Don’t forget to invest in your health.

+1. Money’s no good without it. Chuck all the veg in your fridge into a liquidiser and make a smoothie - drink one a day to keep the big C at bay - if necessary, add apple juice to make it more palatable. It can even make raw brussels sprouts taste good! Also, downsize. Get rid of all your crap - sell it on eBay or whatever. Just think how much of your rent/mortgage is paid over just to store crap you’re never going to use.

I bought my jeep 4 years ago very much as a preparation for the collapse we’re experiencing now. I wanted a 4x4 that I could maintain and service myself, cheap parts, bomb proof engine that would run on any mix of diesel and veggie oil. I got it in from Japan with 10,000km on it and it was one of the best investments I ever made. Nothing else could possible suit my needs better. It’ll qualify as a vintage vehicle in a few years time so I’ll be able to tax and insure it for peanuts.

Hello? Smoothies? On an investment thread?

Take it to the piston (fired on vegetable oil, organic, reused) please.

Well on an investment level health care technology and services are ones to watch and not just the pharma.

Amazing advice, one and all!

Actually about a month ago I thought I would buy a new car. Put 20 k into an account to purchase with a trade in on the old one, and went to look at cars. Found the new cars were so overpriced and the second hand ones were exactly the same except less conspicuous which is good, and less worrying if you leave it somewhere. Spent less than 6k on an '08 with a trade in.
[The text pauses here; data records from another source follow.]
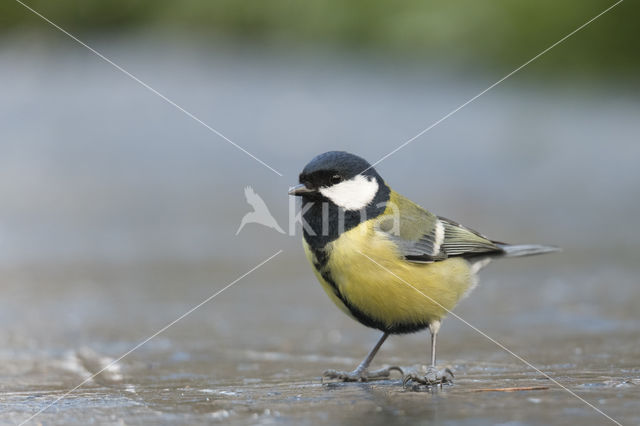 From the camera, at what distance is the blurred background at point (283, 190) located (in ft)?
11.3

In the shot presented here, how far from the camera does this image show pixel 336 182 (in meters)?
3.66

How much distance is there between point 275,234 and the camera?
8.76m

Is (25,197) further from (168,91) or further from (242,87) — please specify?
(242,87)

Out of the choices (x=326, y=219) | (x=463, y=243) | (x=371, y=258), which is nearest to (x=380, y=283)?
(x=371, y=258)

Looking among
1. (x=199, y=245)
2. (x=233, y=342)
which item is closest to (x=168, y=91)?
(x=199, y=245)

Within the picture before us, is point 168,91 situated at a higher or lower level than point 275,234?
higher

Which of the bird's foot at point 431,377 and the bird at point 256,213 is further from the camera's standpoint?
the bird at point 256,213

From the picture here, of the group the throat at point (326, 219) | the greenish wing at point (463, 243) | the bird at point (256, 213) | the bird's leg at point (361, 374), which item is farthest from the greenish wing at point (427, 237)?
the bird at point (256, 213)

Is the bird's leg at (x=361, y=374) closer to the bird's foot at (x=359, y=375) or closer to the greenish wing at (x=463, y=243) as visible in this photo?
the bird's foot at (x=359, y=375)

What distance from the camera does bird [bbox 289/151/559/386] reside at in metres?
3.49

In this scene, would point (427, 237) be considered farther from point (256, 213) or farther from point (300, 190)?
point (256, 213)

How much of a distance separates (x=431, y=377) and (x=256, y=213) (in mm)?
5457

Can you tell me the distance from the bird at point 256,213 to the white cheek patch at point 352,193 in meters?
4.31

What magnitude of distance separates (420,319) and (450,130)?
25.5 feet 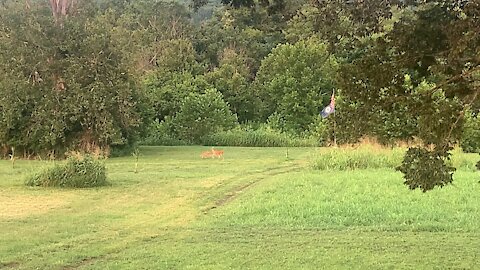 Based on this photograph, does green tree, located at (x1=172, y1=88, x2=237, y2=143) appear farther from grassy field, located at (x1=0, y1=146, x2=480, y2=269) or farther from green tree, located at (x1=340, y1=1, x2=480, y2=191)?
green tree, located at (x1=340, y1=1, x2=480, y2=191)

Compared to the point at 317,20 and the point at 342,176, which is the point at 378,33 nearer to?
the point at 317,20

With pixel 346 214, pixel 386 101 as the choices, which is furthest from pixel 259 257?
pixel 346 214

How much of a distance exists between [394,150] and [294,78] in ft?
69.9

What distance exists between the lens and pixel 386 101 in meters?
6.69

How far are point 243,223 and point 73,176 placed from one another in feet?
24.8

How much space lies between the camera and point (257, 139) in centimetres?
3903

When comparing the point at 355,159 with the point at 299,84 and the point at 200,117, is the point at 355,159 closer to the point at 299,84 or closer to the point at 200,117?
the point at 200,117

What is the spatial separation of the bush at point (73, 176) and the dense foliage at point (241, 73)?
5.51 meters

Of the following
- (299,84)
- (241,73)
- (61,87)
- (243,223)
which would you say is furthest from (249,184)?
(241,73)

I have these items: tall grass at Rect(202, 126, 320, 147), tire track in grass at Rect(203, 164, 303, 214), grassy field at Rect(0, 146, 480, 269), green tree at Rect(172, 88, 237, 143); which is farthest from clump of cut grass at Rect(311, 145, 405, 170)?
green tree at Rect(172, 88, 237, 143)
So thrilled with it, said at the time this will last us ten yrs at least! Needed a 7 seater, hence the need to change cars. So true that past extravagance, greed and the need to be Flash Harry in the K club or whatever, is the whole crux of Ireland’s financial woes. We will turn into real Europeans if we resolve this issue as a nation!

Must read up on investment in the stock market.
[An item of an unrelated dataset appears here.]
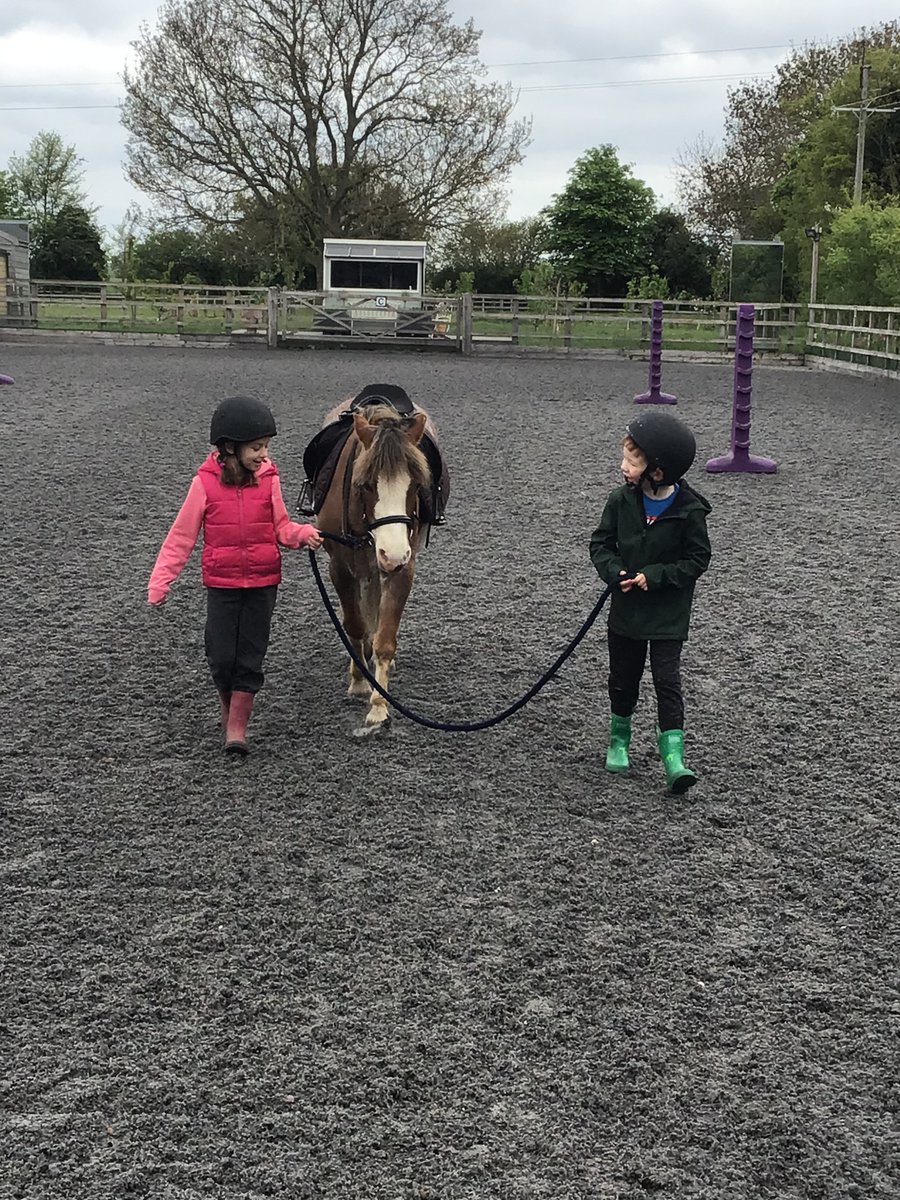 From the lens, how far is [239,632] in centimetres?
489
Thank you for great replies, maybe we should all get together and put in some amount each and invest?!

I thought that only applies if you don’t use it as your primary car?

Very good point. I reflect on this from time-to-time. I do have a longer-term plan, so I feel I’m working towards something, but sense of security is what really drives me to care about money. Things weren’t too good for my family when I was a kid. We had to live in caravan for a few years and there were often times when my dad went snaring or mushrooming because we had no money to buy food. That experience left me with a psychological need to have some money squirreled away. I don’t love money for money’s sake, but I do get pleasure from knowing that I’m a long way from Struggle Street these days. Humble beginnings calibrated me to be happy with less. I like my life and am content. Spending more money for the sake of a flashier lifestyle has only modest appeal.
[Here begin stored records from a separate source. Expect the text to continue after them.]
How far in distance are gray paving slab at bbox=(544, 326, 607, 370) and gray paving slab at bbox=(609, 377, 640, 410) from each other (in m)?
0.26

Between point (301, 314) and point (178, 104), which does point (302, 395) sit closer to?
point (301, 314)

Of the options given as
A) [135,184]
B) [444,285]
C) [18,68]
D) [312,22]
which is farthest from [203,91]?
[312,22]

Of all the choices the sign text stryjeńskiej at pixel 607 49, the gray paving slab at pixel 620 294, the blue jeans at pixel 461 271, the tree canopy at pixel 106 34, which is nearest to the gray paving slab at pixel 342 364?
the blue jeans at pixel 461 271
Isn’t the problem with security that it’s unattainable and the quest for it ultimately futile?

Perhaps, but there are different levels of insecurity. Knowing you would be able to survive for a good while on savings/current lifestyle provides a level of insulation from insecurity.

PS Thank High Noon. I might have to print that one out and staple it to my conservative forehead.

I wouldn’t be surprised at some fiscal tightening in the US coming up to the summer followed swiftly by a collapse of equities and PM’s and a surge in the $. A few months later Ben will say “I told you so” and announce QE3. In other words over the summer for PM’s, BTFD!! I’m planning on buying some options in PM miners during the summer.